▶ Your objective:
Could you print, exactly and without pictures, only the lines from the one with "Lesen, weil Mord falsch ist Sweatshirt" through the end of the records below?
━━━ Supplied records ━━━
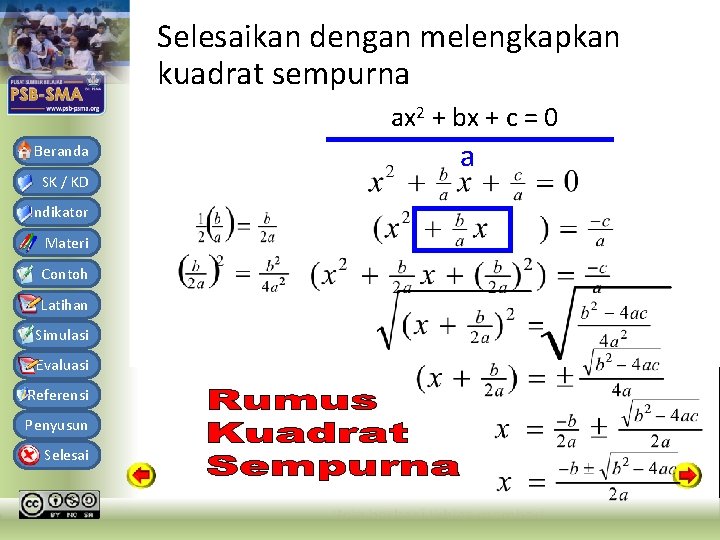 Ajar Matematika SMA Kelas X Semester 1 Selesaikan. Bahan dengan melengkapkan kuadrat sempurna ax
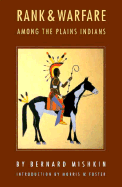 Rank and Warfare Among the Plains Indians - Mishkin, Bernard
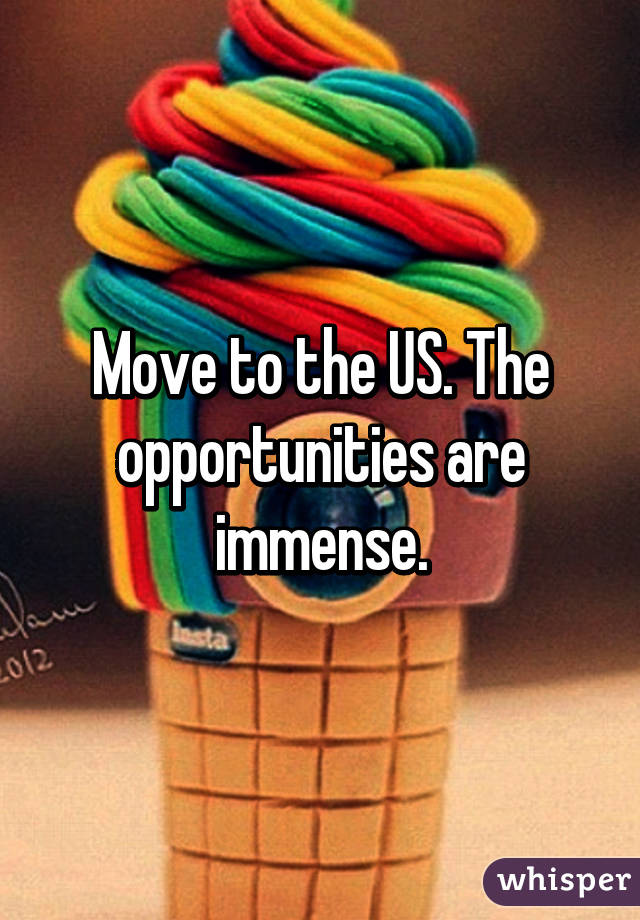 Move to the US. The opportunities are immense.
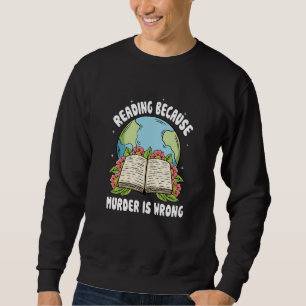 Lesen, weil Mord falsch ist Sweatshirt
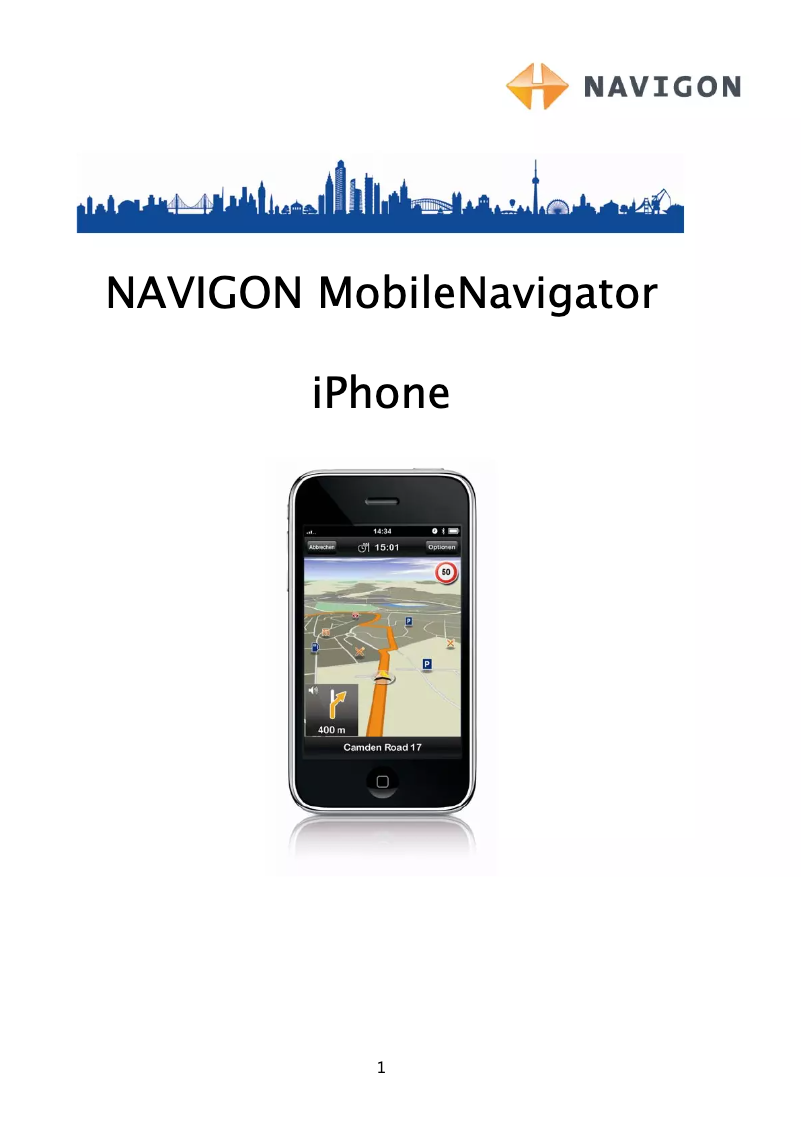 Page n°1 - Manuel utilisateur Navigon MobileNavigator iPhone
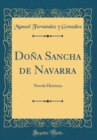 Image for Dona Sancha de Navarra: Novela Historica (Classic Reprint)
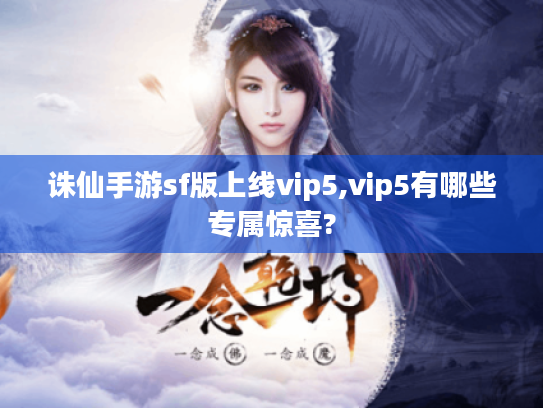 诛仙手游sf版上线vip5,vip5有哪些专属惊喜? 诛仙手游sf版上线vip5,vip5有哪些专属惊喜?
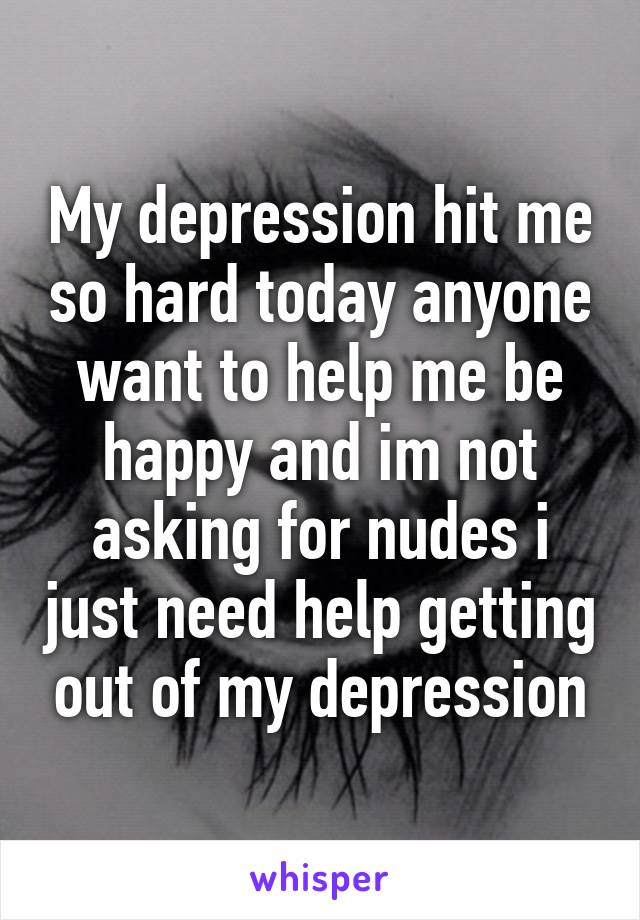 My depression hit me so hard today anyone want to help me be happy and im not asking for nudes i just need help getting out of my depression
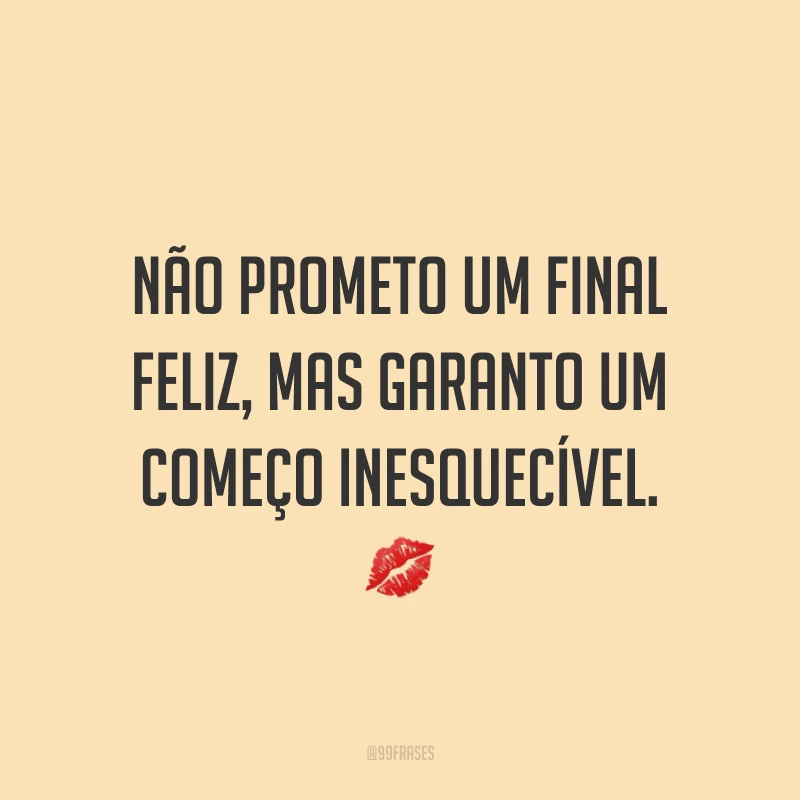 Não prometo um final feliz, mas garanto um começo inesquecível. 💋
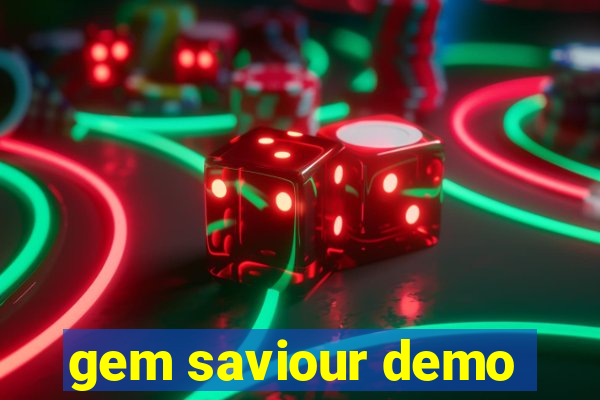 gem saviour demo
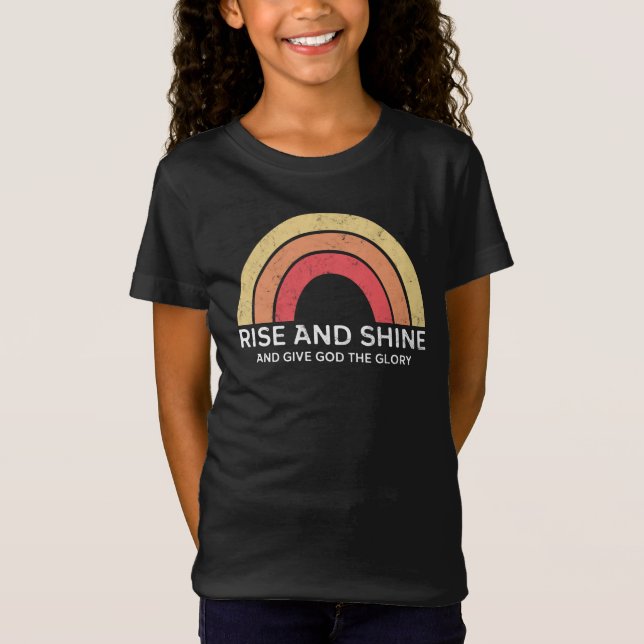 Camiseta Rainbow Rise e Shine e Dê a Deus a glória (Frente)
━━━
▶ Reply to the exercise:
 Lesen, weil Mord falsch ist Sweatshirt
 Page n°1 - Manuel utilisateur Navigon MobileNavigator iPhone
 Image for Dona Sancha de Navarra: Novela Historica (Classic Reprint)
 诛仙手游sf版上线vip5,vip5有哪些专属惊喜? 诛仙手游sf版上线vip5,vip5有哪些专属惊喜?
 My depression hit me so hard today anyone want to help me be happy and im not asking for nudes i just need help getting out of my depression
 Não prometo um final feliz, mas garanto um começo inesquecível. 💋
 gem saviour demo
 Camiseta Rainbow Rise e Shine e Dê a Deus a glória (Frente)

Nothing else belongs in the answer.